# Tom Gordon is the man



## samay (Feb 23, 2011)

Looking good. Looking forward to seeing the progress updates.


----------



## ethan.weber (Apr 26, 2011)

wow the boat looks new. has the inside been painted yet or is that what you plan on doing next? also what are you going to do to the decks?


----------



## Net 30 (Mar 24, 2012)

It must have been hard driving away knowing what Tom can do to finish her off...the anticipation of going back to Isla to complete the project at a later date would kill me! Skiff looks great.


----------



## TC (Feb 15, 2011)

Cool project, man. Great start, looking good! I agree, Tom is the man. He was very helpful in my search for a Waterman even though I didn't buy it through him. He gave me lots of valuable input and advice. Good luck with your project.


----------



## formerWAflyfisher (Sep 5, 2008)

Net 30 your right I wanted in the worst way to hand him the skiff and say finish it. But thankfully he doesn't take credit cards. He told me if I sanded the decks, especially in the grooves for the hatches, and I removed all of the paint down to the gel he would give me a much better price. So I bought a sander and I am getting ready to buy some stock in sand paper manufacturing companies. Hopefully I will be able to have the decks done at the latest next fall. I also want to add a console and steering as soon as possible. I found a nice cheap console from craigslist now I have to save and get the baystar steering kit. Just have to keep searching craigslist for parts.


----------



## MariettaMike (Jun 14, 2012)

> Nice looking boat.
> 
> I have a 2002 with a 90 2s and am looking at adding a Power Pole. According to PP I can fit it over my 9" tabs at the 4" minimum mounting height. With those 12" tabs you may not have enough room on the transom.
> 
> ...


----------



## Sheremeta (Nov 29, 2010)

Looks good. Where did you get the retro dolphin stickers? 

What's the beam? Maybe it's just the photo but it looks smaller than 6'. I would try to find the lightest engine possible in the 40-50 range. I have 12x12 tabs and the power pole fits.


----------



## MariettaMike (Jun 14, 2012)

> I have 12x12 tabs and the power pole fits.
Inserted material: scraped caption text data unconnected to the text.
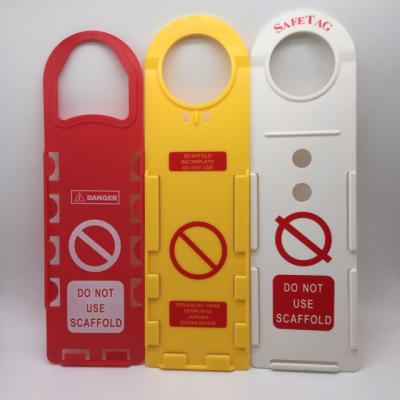 China High Quality Construction Safety Red White Yellow ABS/PP/PVC Plastic Scafftag Scaffolding Tag Holder for sale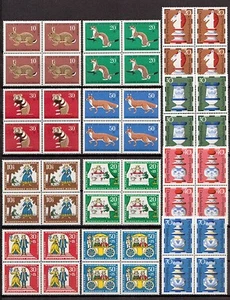 13US0003) WEST GERMAN BERLIN - 35 DIFFERENT STAMPS IN BLOCK OF 4 MNH, 140 STAMPS - Picture 1 of 3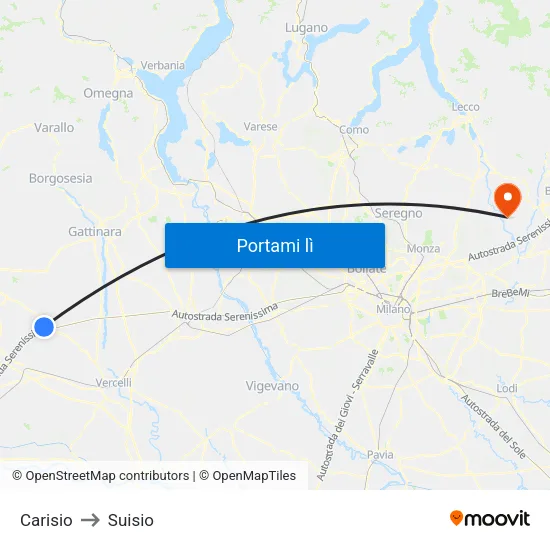 Carisio to Suisio map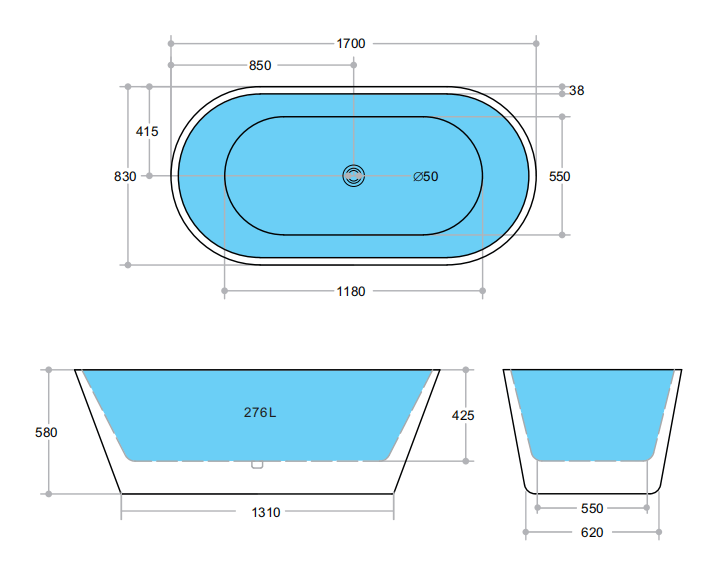 Nile Oval Round Bath - Gloss White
Got any pics of the power pole install?

The pics of your TM install helped a lot. thanks.


----------



## Sheremeta (Nov 29, 2010)

I just measured and actually I have 12x9 tabs but even with 12x12 it would work. I can email photos so I don't derail this thread.


----------



## alain_vallejo (Jun 24, 2010)

Tom dose some nice work. if it wasn't for the banks closing before I was out of work i would of had this skiff. i would have loved to do all the work my self. oh well, at least someone else is, and it's coming out great.


----------



## trplsevenz (Oct 29, 2012)

What brand and color is the paint? Nice job!


----------



## formerWAflyfisher (Sep 5, 2008)

CasaCola the beam is six feet but not at the water line. The paint is Awlgrip guide green. I have some more photos up soon, I'm sanding the floor clean right now and waiting for my console to come in.


----------



## Sheremeta (Nov 29, 2010)

Looks good. Where did you get the retro decals?


----------



## trplsevenz (Oct 29, 2012)

> .  The paint is Awlgrip guide green.  .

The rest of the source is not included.